Dream Songs Night Songs
From Mali to Louisiana
“Pleasant dreams / as I beat my drum to the sound of your heart / to the rhythm of Mother Earth.” These are the lyrics of “Sadraskwiio,” of the Huron-Wendake tribe of Canada, one of fourteen lullabies included in this enchanting storybook with accompanying CD.
Geared towards very young children, this bedtime story is a lullaby itself. Its few reassuring sentences talk about the wonderful things that tomorrow’s voyage will bring. The story’s fourteen fragments, written in English, Spanish, and French, thematically anchor each accompanying two-page illustration. Each illustration is also sequentially associated with a lullaby on the CD. The lullabies are sung in their original language in a lush recording that employs a worldwide assortment of instruments. The line, “New friends will come along,” for example, is illustrated by a mother hen trailed by three chicks in little rubber boots, and is paired with “Los Pollitos Dicen” (“The Chicks Say”), a lullaby from Costa Rica.

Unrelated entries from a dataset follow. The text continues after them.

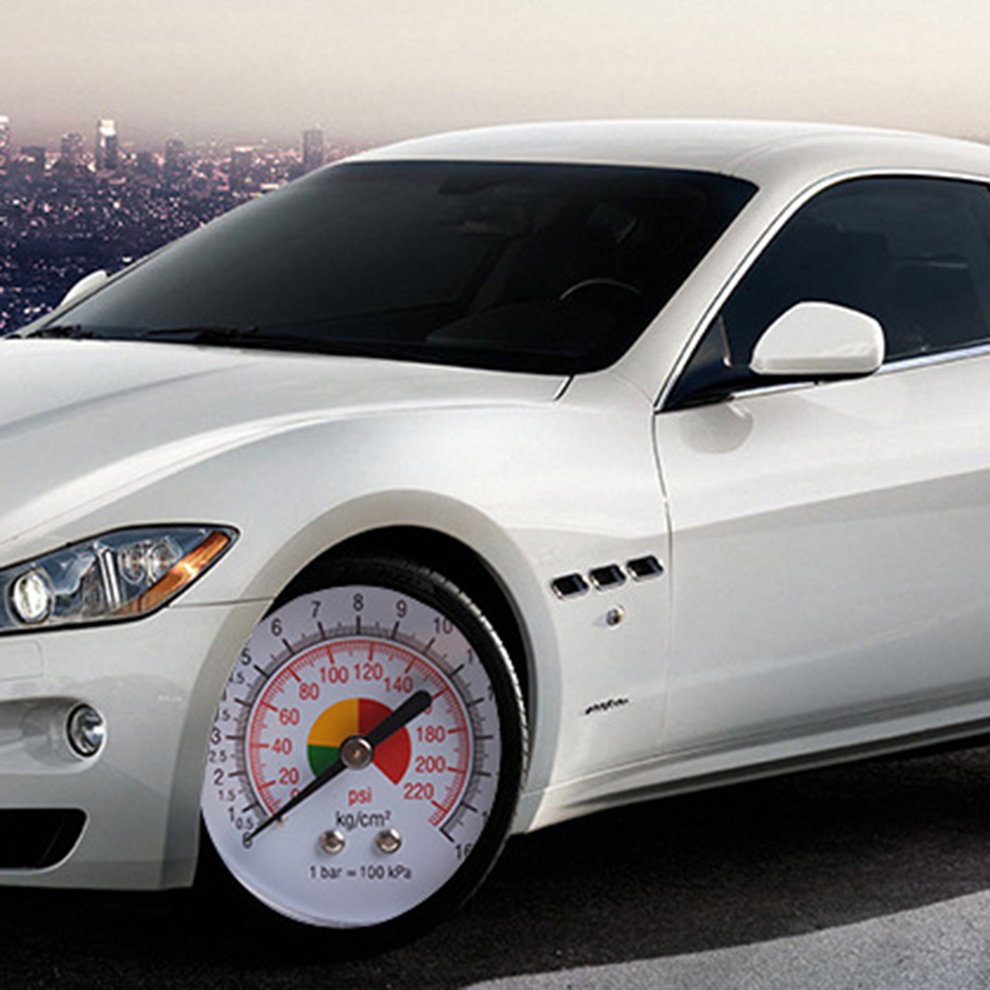 Multi-functional Car Truck Air Tire Pressure Infla... – Vicedeal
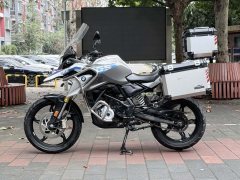 BMW G 310 GS - ფოტო 9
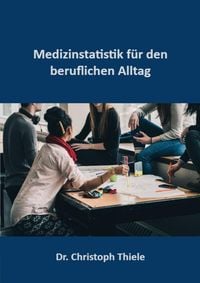Produktbild: Medizinstatistik f&uuml;r den beruflichen Alltag
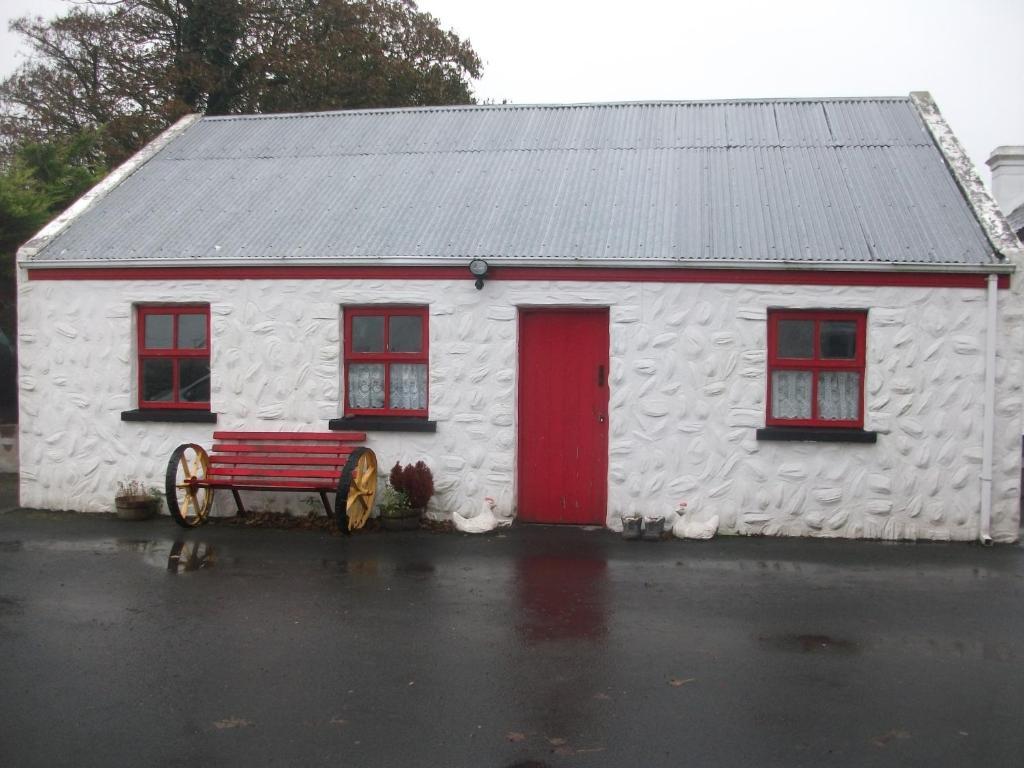 Rocksberry Bed & Breakfast Castlebar Kültér fotó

The book is well served by the story’s simplicity, as the illustrations and songs are rich and textured. The illustrator has won numerous awards, including finalist in the 2003 LUX Quebec children’s book category. Her illustrations here are dreamlike and saturated with color, and depict scenes from around the world, such as a mother feeding her child soup in Mali, or magical creations like a winged horse. The warmth and whimsy of Bourbonnière’s art will win over any viewer.
Also included on the CD are PDF files of posters of the illustrations, with the song lyrics translated into the three languages. As in many lullabies, the actual words can sometimes be a little scary, as in the Japanese lullaby “Owaiyare,” in which a child is warned to go back to bed or a rat will take him away. However, the song is so spellbinding that only a cynical adult fluent in Japanese would bat an eye.
Dream Songs is the second volume in a series; the award-winning Volume One, by the same author, featured lullabies “from China to Senegal.” This volume was first published in Canada under the title Dodo La Planète Do (“dodo” means “night-night” in French). That edition won the Parents’ Choice Foundation’s 2004 Gold Award and was nominated for the 2004 Juno Awards for Children’s Album of the Year. The PDF files might be a little tricky to find for less computer-savvy readers, but this book is a luscious example of excellent children’s literature.
A true multi-cultural and multi-disciplinary work, it is as educational as it is enjoyable. The only catch is that little ones, and any adults within earshot, might not be able to resist sleep long enough to reach the end. If so, the remaining songs make for wonderful dreams.